The Saints Safety in Evil Times (sermon)

The Saint's Safety In Evil Times. Richard Sibbes. 1633. Best guess under 60-70 pages. [Source: Bought]

Behold, he travaileth with iniquity, and hath conceived mischief, and brought forth a lie.—Ps. 7:14.

This sermon appears in several different collections of Sibbes' works. Once again, Sibbes is using a psalm of David as his starting point. The subject this time is "the saint's safety in evil times."

In this sermon he speaks of good and evil, right and wrong, heaven and hell. These subjects aren't particularly popular--even within church circles--but these subjects are always relevant. They remain relevant because they feature largely and prominently in the word of God, in the Bible.

Spurgeon said of Sibbes, "Sibbes never wastes the student's time. He scatters pearls and diamonds with both hands." I wholeheartedly agree.

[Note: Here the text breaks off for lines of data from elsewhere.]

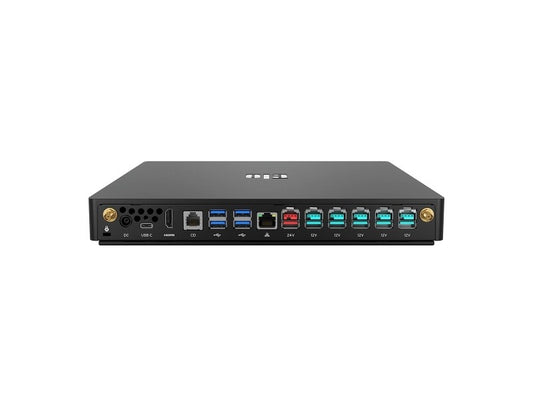 EloPOS Pack 2 - Booksize PC, Windows 10 IoT Enterprise LTSC 64-Bit, Intel Core i5-14500T, 8GB 256GB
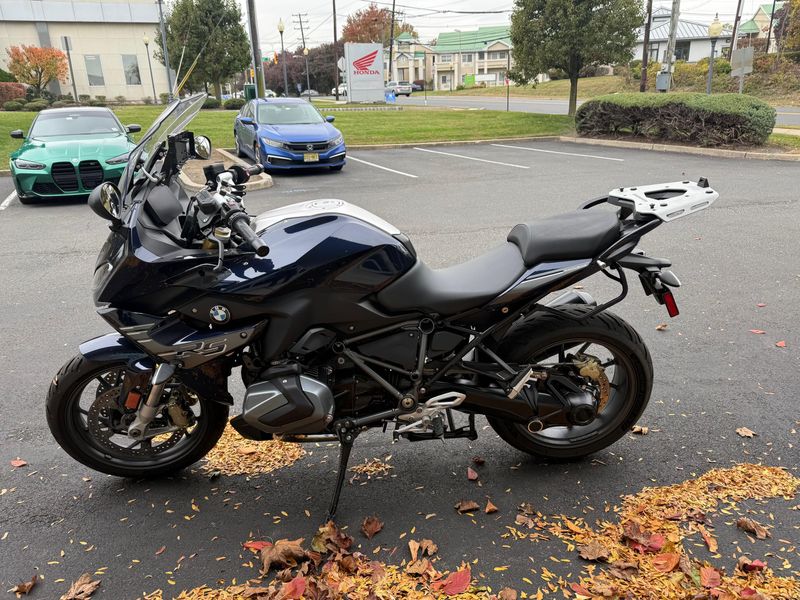 2020 BMW R 1250 RSImage 2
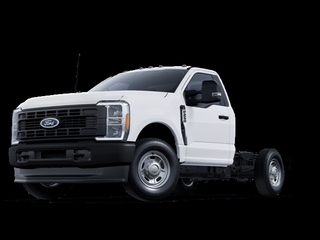2025 Ford F-250 Super Duty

Here are some of the pearls and diamonds within this sermon.
Not only wicked men, but their devices, are the seed of the serpent.
The more liberty we have not to sin, makes our sin the greater.
The more deliberation any man takes in sinning, the more his soul is pleased with wickedness. A heart long exercised in sin will admit of no impression of grace; for the spirits are so absorbed with other designs that they are dry and dead to better things. 
Delight carries the whole strength and marrow of the soul with it; much of the soul is where delight is.
The spirit is either the best or the worst part in a man.
A good Christian thinks it not enough to see good done by others, but labours to have a hand in it himself.
God hath but two things in the world that he much regardeth; his truth, and his church, begotten by his truth; and shall we think that he will suffer long, wretched men who turn that wit and power which they have from him against his truth and church? No, assuredly; but he will give them up by that very wit of theirs, to work their own destruction;
Only wretched man seeks happiness in the way to misery, and heaven in the way to hell.
Whatever we get by sin for the present, it will prove the worst bargain that ever we made. 
Many are not content to go to hell alone, but they will draw as many others as they can into their fellowship here, and torment hereafter. 
That which we should especially labour for is, 1, to be good in ourselves; and 2, to do all the good we can to others, even as God our Father is good, and doth good; and the further our good extends, the more we resemble our Father. Such as we are, such are our thoughts, such are our devices.
What are all our temporal deliverances, if we live still in sin, go on in sin, die in our sins, and so perish eternally?